Though we may bitch or make fun of ourselves for being caught off guard when we shouldn’t be by questions that don’t faze the “normal” person, I think that’s the absolute best thing about this whole experience.
That it’s “not normal.”
Exhale with me. Say it again. Doesn’t that feel great? Like… like taking 100 of your closest friends and having them flip a big, fat collective bird at polite society.
Fuck polite society. They’re not paying for this thing.
OK, I guess I should clarify before I get too sanctimonious. Or rather, I should acknowledge that I realize that by the very virtue of deciding to hold a ceremony, we are falling in lockstep with societal norms.
But the devil’s in the details. And for us, it’s been fun actually dissecting, picking, choosing. It’s like a big old smorgasboard out there, and there’s not much that we feel we absolutely, positively have to put on our plates.
Well, fun, sort of. Though I’ve been employed at various weddings before, I guess I had no idea the amount of moving parts associated with one. That’s why I can’t completely pooh-pooh tradition. Tradition sometimes is a handy crib sheet when the choices become too baffling.
But anyhow, different. Weird. Crazy lezzies, too practical for their own good, somewhat winging it. Let me count the ways. I’ll start with…
No. 1
Spend hundreds on a dress… Fuck it. This suit is nice.
Lizzie has mentioned before the fiasco of trying to get a dress. I don’t know if you’ve fully realized this, but I’m a big girl. Not a big butch girl, as all the cake topper people will have you believe (that should be a whole other entry, why you’d take the step of making a black lesbian cake topper, but she’s gotta be butch). Just a… big girl. OK, OK, probably a “soft butch.” I haven’t worn lipstick in years, I spit on your manicure, I rarely wear skirts.

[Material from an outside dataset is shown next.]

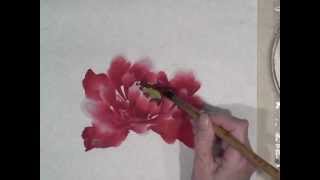 Peony Demo Part 13 in Chinese brush painting technique [upl. by Ultun]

But I love my big breasts and would probably get my ass kicked by a real butch if hard-pressed.
So Lizzie got this pretty Renaissance type dress off everyone’s favorite site, eBay. There was something of a similar style from that same store, and I got that. Hers looks fine on her. Mine… No structure. I looked like a blimp in white.
Ugh. Typical.
I had been toying with getting a suit, but have you ever tried to Google women’s suits? The atrocities that come up… I’m not 90, I don’t want big florals, it has to at least pretend to be the shape of my body. Women don’t have suit stores like men do, so you’re stuck milling around in the plus-size department of Penny’s, sifting past piles of flowy fabric or, worse yet, those shirts with the tie that look like a limp dick around your neck that were popular in the 80s.
I also was looking at prom dresses. There’s got to be something out there that doesn’t suck.
Eventually I fell in love with a women’s cut tuxedo. I don’t think it’s quite a tuxeda, but it’s close. Just bought a tuxedo shirt with darts to go with. Am now in a philosophical debate over the shoes. I used to love chunky platform shoes, but in addition to them being out of style, they really hurt my feet, my feet that are spoiled with daily use of athletic or hiking shoes. Tempted to go with Converses, a la Ellen.
I’ve never exactly worn a suit with Converses before, so I don’t want to seem like I’m dressing up, playing a part.
But then again, isn’t that the point of the big fancy wedding? The bride spends thousands so her dress is the biggest and fanciest, whitest and poofiest, and she lives out her Cinderella fantasy?
Dunno. I’m wrestling with the question. But in the meantime… the suit remains badass.